The Universe, scientists assume, may be obscure; but it does not lie.
An experiment which works in San Diego will, if it reveals Truth, also
work in Oslo. An electron in the vicinity of Alpha Centauri will have
the same properties as one in your little finger. The Universe does
not evaluate the merits of your experimental apparattus and decide upon
the outcome, factoring in your charitable donations and hair color; it
works on simple, repeatable principles which can be revealed and
exploited with perfect trust once they are adequately documented.

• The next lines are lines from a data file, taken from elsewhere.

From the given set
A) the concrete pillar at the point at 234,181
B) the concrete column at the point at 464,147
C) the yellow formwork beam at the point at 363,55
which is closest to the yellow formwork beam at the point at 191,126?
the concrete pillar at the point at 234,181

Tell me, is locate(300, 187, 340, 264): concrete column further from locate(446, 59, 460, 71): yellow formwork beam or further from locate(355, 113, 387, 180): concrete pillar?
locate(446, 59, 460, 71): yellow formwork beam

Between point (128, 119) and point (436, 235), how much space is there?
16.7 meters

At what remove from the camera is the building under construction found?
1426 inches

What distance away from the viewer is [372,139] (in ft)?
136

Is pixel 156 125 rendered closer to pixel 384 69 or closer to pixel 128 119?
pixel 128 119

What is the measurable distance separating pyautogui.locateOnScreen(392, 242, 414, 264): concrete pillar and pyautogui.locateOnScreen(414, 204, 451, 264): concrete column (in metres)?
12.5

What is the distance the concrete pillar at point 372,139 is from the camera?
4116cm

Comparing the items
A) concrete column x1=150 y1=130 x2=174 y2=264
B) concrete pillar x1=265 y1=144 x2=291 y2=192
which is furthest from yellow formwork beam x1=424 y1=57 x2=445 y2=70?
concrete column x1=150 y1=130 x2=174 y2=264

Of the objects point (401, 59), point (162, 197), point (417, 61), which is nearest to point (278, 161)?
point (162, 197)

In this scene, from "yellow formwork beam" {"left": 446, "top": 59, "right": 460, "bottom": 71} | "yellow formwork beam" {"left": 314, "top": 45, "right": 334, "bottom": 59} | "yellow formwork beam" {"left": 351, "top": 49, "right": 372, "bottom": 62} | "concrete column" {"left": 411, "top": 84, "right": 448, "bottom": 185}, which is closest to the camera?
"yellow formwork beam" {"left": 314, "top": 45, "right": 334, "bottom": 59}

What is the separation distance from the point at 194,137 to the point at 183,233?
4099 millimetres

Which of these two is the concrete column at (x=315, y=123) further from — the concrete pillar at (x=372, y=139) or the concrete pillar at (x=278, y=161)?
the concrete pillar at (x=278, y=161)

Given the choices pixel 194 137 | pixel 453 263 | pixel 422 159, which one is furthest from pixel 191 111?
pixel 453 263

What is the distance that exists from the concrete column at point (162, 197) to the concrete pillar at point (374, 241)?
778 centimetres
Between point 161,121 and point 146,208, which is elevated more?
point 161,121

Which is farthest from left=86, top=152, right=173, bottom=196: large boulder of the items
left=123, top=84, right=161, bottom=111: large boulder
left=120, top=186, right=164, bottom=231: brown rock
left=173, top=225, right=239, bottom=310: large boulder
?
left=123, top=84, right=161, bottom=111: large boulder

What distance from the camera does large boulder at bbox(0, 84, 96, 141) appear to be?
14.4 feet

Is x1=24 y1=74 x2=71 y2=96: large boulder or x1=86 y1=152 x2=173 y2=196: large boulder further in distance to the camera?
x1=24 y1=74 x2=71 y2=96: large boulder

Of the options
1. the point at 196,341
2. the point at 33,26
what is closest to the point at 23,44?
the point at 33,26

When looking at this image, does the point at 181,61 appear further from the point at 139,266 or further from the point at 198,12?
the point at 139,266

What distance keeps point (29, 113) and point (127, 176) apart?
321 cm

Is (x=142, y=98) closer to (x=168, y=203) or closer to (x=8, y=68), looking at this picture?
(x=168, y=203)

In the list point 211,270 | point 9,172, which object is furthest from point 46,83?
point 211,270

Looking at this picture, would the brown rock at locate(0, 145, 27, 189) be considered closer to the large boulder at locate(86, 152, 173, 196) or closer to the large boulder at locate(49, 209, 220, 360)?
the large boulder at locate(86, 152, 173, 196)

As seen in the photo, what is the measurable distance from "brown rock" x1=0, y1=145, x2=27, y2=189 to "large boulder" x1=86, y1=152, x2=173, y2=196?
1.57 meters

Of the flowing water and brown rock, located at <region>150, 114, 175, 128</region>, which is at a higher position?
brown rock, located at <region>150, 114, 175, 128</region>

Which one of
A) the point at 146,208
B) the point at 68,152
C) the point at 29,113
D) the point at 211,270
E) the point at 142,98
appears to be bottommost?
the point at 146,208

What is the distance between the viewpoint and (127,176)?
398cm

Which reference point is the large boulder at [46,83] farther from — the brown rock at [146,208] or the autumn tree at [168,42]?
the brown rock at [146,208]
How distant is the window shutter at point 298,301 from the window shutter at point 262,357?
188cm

On the whole this assumption has worked well. Careful measurement and
correlation reveal that the rules by which the world works were much
the same millions of years in the past and half-way to the Hubble Limit
as they are here and now on Earth. And those rules have suggested to
us powerful modalities by which we can express our collective will upon
the environment in which we live.
But there are problems. The simple rules which describe the motion of
astronomical bodies are not consistent with the simple rules that
describe the behavior of subatomic particles, and attempts to merge
the two simple systems are not so simple.

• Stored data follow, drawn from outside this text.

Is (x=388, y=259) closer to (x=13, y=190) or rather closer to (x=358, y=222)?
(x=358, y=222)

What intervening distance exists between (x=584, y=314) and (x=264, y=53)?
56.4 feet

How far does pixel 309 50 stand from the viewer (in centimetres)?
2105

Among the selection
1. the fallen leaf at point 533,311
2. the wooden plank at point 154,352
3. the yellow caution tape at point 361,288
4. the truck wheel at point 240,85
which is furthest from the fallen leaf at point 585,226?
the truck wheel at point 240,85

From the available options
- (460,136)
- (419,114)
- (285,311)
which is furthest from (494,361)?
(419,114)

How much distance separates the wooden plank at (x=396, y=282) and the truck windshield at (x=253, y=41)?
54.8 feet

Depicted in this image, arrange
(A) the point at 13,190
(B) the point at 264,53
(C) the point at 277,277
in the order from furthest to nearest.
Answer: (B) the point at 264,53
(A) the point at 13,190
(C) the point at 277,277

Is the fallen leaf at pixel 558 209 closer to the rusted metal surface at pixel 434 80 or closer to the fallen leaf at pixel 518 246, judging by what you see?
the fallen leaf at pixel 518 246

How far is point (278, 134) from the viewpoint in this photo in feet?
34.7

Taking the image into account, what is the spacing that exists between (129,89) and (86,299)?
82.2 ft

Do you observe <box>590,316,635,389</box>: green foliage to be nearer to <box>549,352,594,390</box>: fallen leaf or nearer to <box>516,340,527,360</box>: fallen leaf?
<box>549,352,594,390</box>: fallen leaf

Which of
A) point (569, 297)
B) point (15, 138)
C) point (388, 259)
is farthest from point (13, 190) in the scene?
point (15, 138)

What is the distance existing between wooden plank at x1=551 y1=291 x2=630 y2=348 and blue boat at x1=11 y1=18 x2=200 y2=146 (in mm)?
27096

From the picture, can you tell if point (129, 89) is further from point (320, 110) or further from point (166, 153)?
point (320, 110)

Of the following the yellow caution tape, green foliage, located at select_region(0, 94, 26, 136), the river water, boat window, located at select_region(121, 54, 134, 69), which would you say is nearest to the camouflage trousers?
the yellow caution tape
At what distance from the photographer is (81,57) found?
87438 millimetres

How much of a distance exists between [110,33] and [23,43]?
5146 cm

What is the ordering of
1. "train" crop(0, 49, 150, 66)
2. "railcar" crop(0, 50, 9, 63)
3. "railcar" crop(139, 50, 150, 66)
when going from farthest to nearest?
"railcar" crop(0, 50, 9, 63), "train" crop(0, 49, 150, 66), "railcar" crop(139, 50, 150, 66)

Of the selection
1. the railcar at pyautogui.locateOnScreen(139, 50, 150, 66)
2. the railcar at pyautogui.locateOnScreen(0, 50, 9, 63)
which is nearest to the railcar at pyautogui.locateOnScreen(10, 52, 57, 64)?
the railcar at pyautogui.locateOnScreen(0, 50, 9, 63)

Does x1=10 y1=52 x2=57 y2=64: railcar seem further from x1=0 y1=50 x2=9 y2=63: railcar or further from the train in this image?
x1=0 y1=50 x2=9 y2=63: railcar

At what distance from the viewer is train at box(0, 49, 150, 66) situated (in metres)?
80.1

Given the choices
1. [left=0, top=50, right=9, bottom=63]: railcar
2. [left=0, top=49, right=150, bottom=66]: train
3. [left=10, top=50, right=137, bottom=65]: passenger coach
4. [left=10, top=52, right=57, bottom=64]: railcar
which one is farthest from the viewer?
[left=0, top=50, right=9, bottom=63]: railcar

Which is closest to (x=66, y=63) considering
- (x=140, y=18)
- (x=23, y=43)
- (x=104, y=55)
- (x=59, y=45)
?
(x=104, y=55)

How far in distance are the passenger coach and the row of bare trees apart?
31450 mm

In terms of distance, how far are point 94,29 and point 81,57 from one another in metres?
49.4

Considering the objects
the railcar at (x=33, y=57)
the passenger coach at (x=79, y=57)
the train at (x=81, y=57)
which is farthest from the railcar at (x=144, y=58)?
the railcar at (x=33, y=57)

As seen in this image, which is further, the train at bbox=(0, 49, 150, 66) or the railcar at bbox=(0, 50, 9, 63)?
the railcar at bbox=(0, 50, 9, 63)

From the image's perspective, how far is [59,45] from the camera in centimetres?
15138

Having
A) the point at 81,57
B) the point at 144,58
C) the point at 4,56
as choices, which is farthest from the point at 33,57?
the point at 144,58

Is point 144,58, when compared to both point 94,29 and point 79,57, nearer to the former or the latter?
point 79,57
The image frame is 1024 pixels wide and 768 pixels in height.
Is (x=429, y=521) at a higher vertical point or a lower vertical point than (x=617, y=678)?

Most scientists quietly (or not so quietly) believe the Universe is infinite
and self-sufficient, because the idea of Gods and such ruin the perfect
consistency upon which their trade depends. However, it is a simple matter
to divide the Hubble limit by the Planck constant and show that the Universe
is finite -- it contains a finite number of particles, whose positions and
velocities and states represent a finite amount of information -- About 10^84
bits, give or take a couple of orders of magnitude, if the Universe really
exists as scientists tend to describe it. Science offers no credible idea
what, if anything, exists other than that finite set of theoretically observable
particles.
And humans, despite living in a sea of technological wonder, persist in
believing in very unscientific things like ghosts, luck, gods, and ESP.

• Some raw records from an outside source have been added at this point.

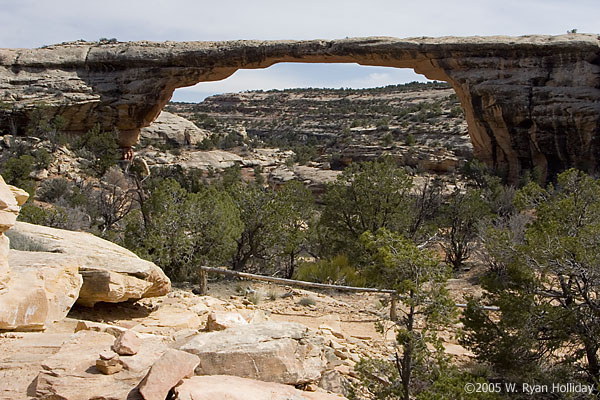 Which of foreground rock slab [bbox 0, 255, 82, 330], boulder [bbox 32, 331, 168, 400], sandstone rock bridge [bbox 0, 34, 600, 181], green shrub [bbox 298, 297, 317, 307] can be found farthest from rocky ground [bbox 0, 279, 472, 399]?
sandstone rock bridge [bbox 0, 34, 600, 181]

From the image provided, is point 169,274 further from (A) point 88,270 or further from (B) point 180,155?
(B) point 180,155

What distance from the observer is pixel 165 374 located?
275cm

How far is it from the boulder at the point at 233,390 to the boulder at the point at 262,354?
0.14 meters

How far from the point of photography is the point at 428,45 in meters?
16.1

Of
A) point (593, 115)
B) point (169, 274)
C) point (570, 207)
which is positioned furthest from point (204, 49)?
point (570, 207)

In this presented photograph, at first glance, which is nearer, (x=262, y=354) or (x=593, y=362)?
(x=262, y=354)

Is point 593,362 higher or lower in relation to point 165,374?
lower

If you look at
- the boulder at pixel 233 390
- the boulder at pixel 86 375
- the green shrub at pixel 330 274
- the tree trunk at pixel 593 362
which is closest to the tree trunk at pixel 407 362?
the boulder at pixel 233 390

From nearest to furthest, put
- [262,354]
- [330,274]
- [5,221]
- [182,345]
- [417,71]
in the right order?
[262,354] < [182,345] < [5,221] < [330,274] < [417,71]

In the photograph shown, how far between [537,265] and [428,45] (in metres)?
13.5

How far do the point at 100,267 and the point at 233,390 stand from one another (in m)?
2.97

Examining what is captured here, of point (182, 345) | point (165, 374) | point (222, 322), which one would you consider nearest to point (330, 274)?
point (222, 322)

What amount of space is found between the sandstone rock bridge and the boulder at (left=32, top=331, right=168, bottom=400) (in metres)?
14.9

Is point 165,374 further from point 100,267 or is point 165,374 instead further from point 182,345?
point 100,267
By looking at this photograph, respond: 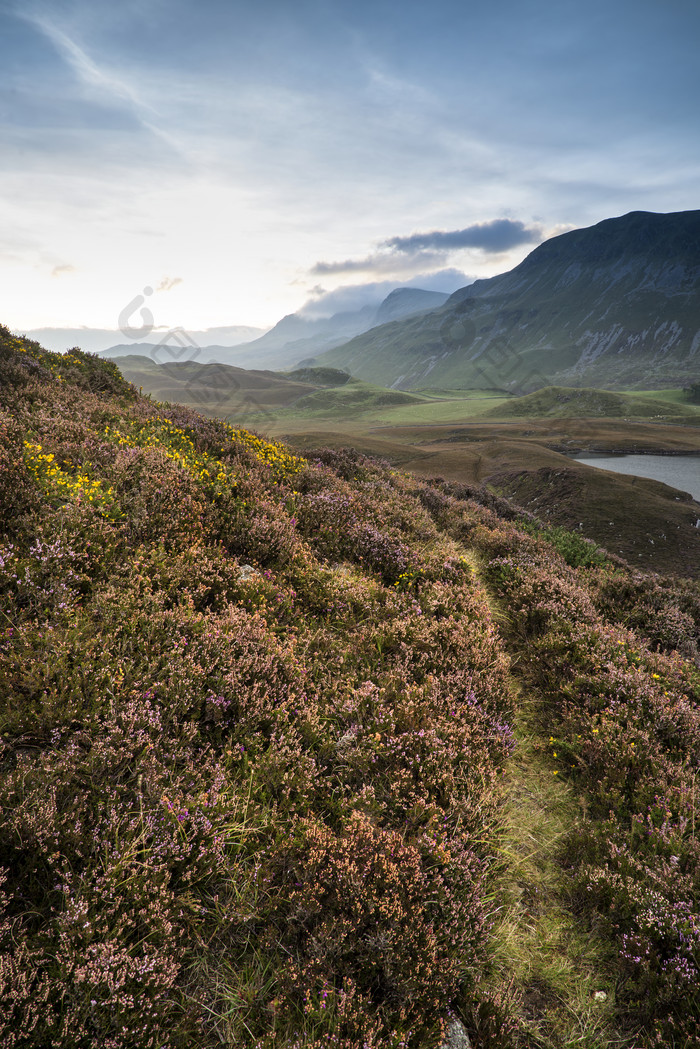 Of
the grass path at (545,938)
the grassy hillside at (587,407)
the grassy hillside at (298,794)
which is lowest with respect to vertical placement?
the grass path at (545,938)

This includes a lot of very credible humans who have risked reputations
and careers to report on experiences they themselves have found incredible.
The Human Experience
It is in physics that one finds the purest expression of the Scientific
Method, but physics is not the only line of thought that styles itself a
science. Geologists do not have the physicists' luxury in staging experiments
and testing for repeatability; they must wait for the Earth to Do Something
and then see if the Something they observe is consistent with their theories.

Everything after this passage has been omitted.